### INFORMATION PROVIDED

────────────────

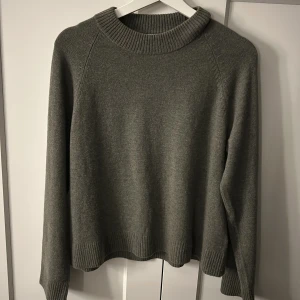 Grå grön stickad tröja  - Mysig grå stickad tröja från Wera med rund halsringning och ribbade muddar vid ärmslut och nederkant. Perfekt för kyligare dagar och enkel att matcha med olika outfits.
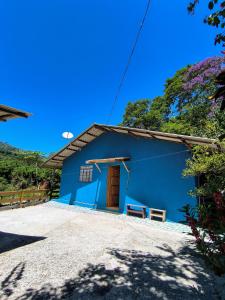 a blue building with a door in front at Rancho Pé da Pedra in São Bento do Sapucaí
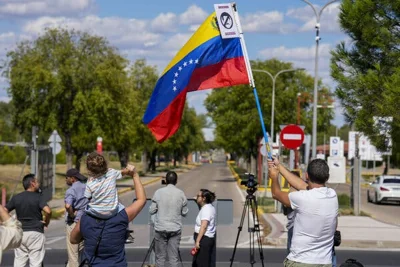 People standing outside looking at a road. One man waves a Venezuelan flag. 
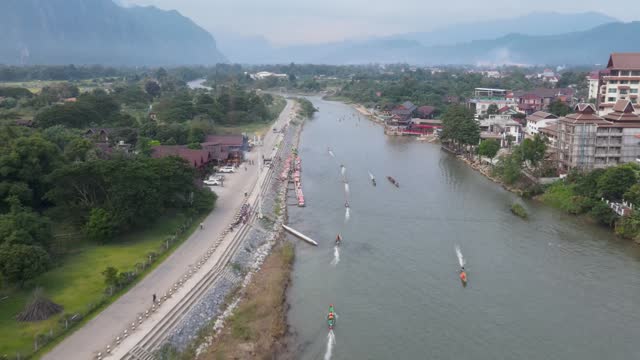 Aerial Flying over Nam Song River At Vang Vieng With longboats Going Past. Dolly Forward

────────────────

Copy exactly the lines running from the line with "a blue building" to the final line of the listing, keeping both ends and dropping any picture.

### ANSWER BOX
 a blue building with a door in front at Rancho Pé da Pedra in São Bento do Sapucaí
 People standing outside looking at a road. One man waves a Venezuelan flag. 
 Aerial Flying over Nam Song River At Vang Vieng With longboats Going Past. Dolly Forward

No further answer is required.